Comment & Analysis
Nov 29, 2020

Is it the Right Time to be Talking About In-person Teaching Next Semester?

An email sent to staff and students on Friday announced plans for an increase in in-person teaching next term.

Léigh as Gaeilge an t-Eagarfhocal (Read Editorial in Irish) »
By The Editorial Board

As Ireland took its first steps to relax level-five restrictions this week, apprehension and caution trumped any feelings of celebration that people may have felt. It felt eerily similar to last summer, when restrictions were loosened only for the virus to ultimately resurge with a vengeance.

Provost Patrick Prendergast sent out an email to students on Friday, on the tide of relaxed restrictions, announcing a plan to increase face-to-face teaching through smaller classes next term. Aside from a statement of intent to increase in-person teaching, the email fell short of allaying potential concerns students may have.

After all, universities spent all of last summer designing plans to make in-person teaching a reality for students, only for the government to intervene at the last minute. Given the way the country’s higher-education institutions were forced to abandon face-to-face teaching last minute, predicting a return to campus in over two months’ time feels like a fool’s errand.

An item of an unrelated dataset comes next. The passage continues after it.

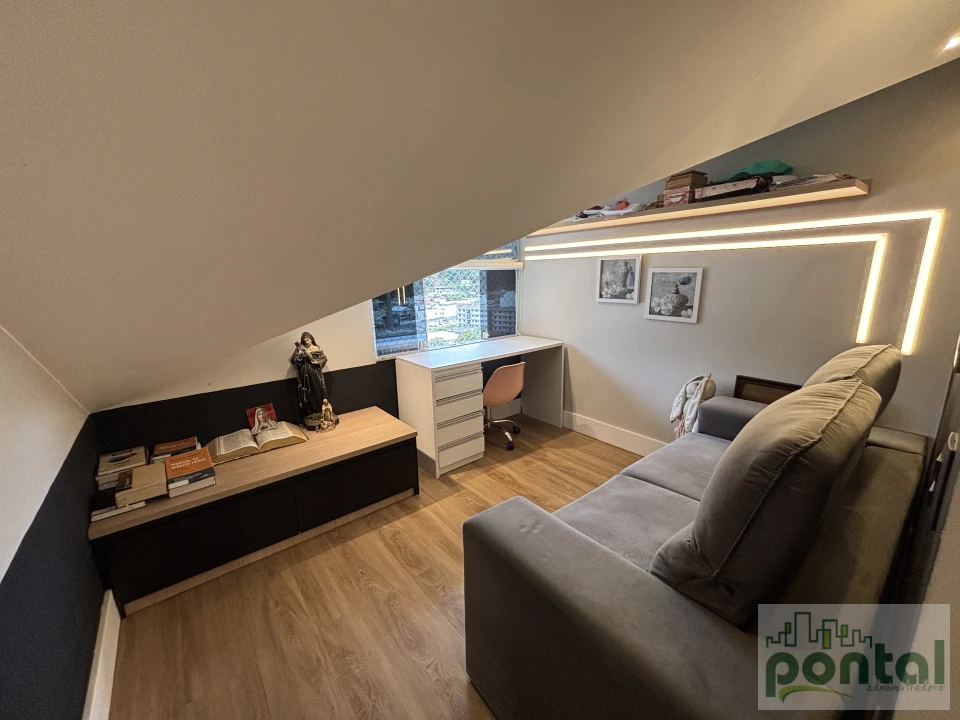 Cobertura Espaçosa à Venda no Centro de Nova Friburgo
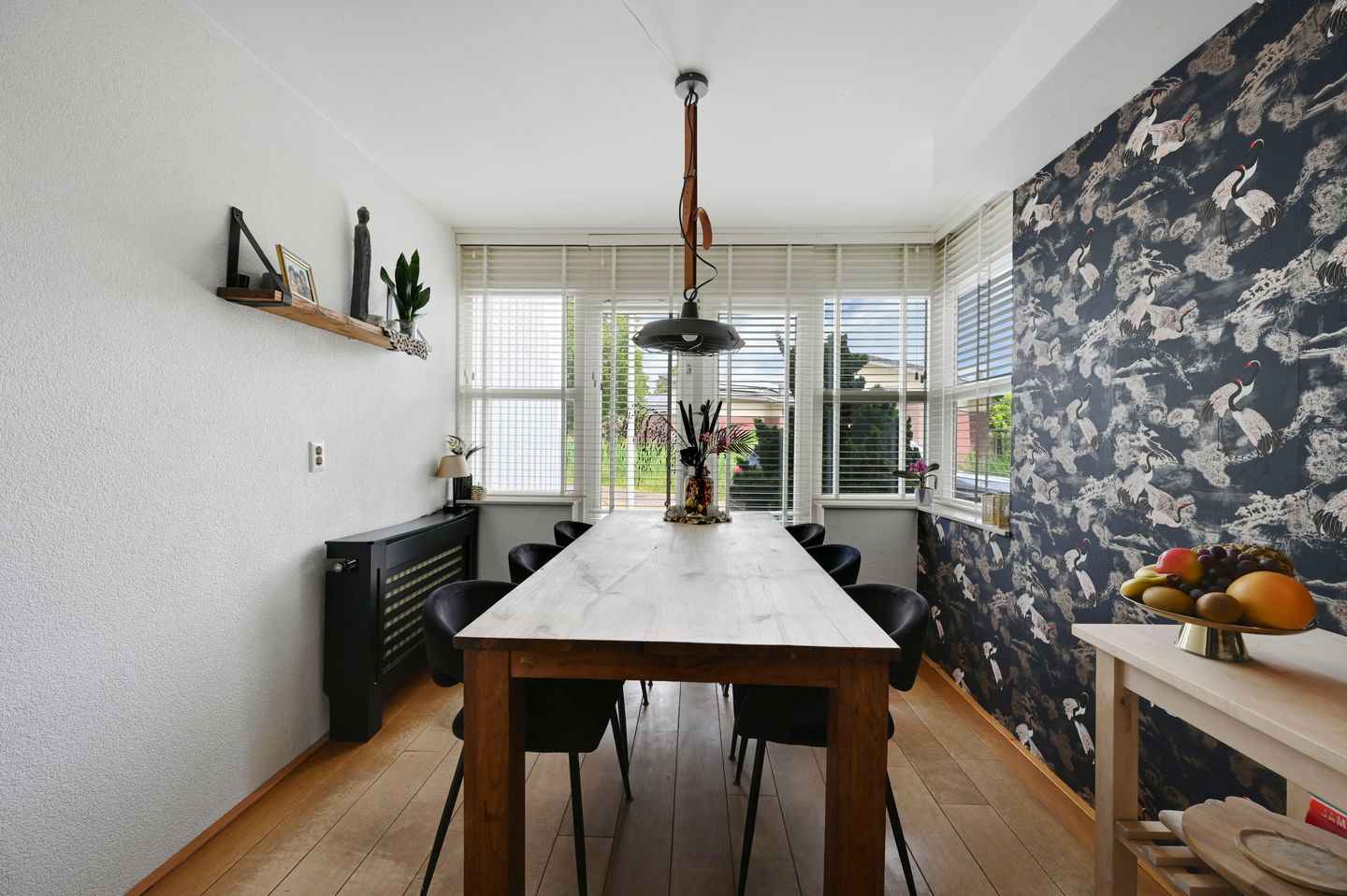 Spacious Family Home with Modern Kitchen and Sunny Garden in Leidschenveen — 14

This Editorial Board previously warned against hasty plans for the upcoming semester. We wrote that universities need to be decisive on their plans – the College’s email is not decisive by any stretch of the imagination.

The fact that College intends to have in-person teaching even if level-five restrictions are reintroduced is also worrying. Trinity gave students an option to move their teaching entirely online for this year, provided they have a “valid” reason to do so. But students should be entitled to make their own decisions about whether it is safe for them to attend in-person classes – whether they have a “valid” reason or not.

And what about teaching staff? The Irish Federation of University Teachers has already raised concerns about a return to in-person teaching, cautioning that any change from the current restrictions must be “gradual”.

University College Dublin adopted a plan earlier this month which will allow students to complete the academic year online, if they want to. This is a much more thoughtful and measured approach to an incredibly complex situation.

There is no doubt that Trinity is in an impossible situation at present, but it must not set unrealistic expectations, when we know so little about what next year could look like.